The lags vector has length 17, but the yp vector comes out to be of length 10. Even though you have 17 entries in yp, many of them as []
yp = [ dxdt; dydt; dzdt; dvdt;dwdt; dx1dt; dy1dt; dz1dt; dv1dt;dw1dt;
dlambda1dt; dlambda2dt; dlambda3dt ;dlambda4dt ;dlambda5dt; du1dt; du2dt ];
K>> dxdt
dxdt =
[]
K>> length(yp)
10
lags = [ 10; 0.2; 2; 10; 0.2; 10; 0.2; 2; 10; 0.2; 15; 0.9; 0.17; 0.01;
0.5; 0.000010; 0.00002];
sol = dde23(#prob2f,T,lags,[0,10], u1, u2);
K>> length(lags)
17
The return from your prob2f() should have same length as lags.

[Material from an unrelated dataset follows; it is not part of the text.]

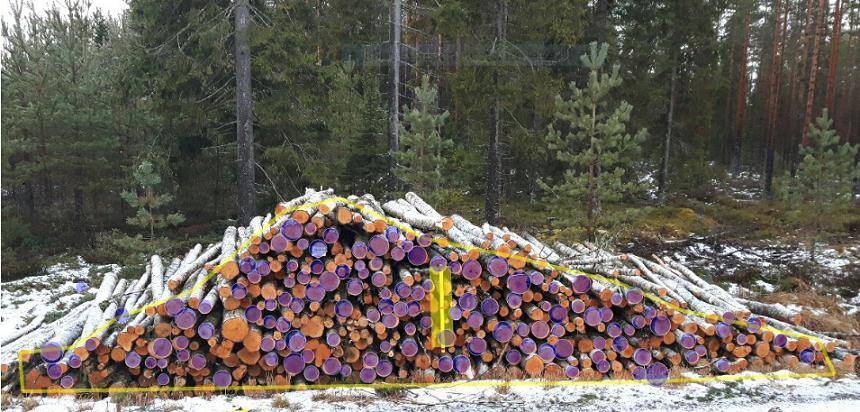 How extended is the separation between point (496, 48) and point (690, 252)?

This is why the error shows up
f0 = feval(ddefun,t0,y0,Z0,varargin{:});
nfevals = nfevals + 1;
[m,n] = size(f0);
if n > 1
error(message('MATLAB:dde23:DDEOutputNotCol'))
elseif m ~= neq
error(message('MATLAB:dde23:DDELengthMismatchHistory')); <========
end
You need to check your prob2f function and make sure yp has same length as lags.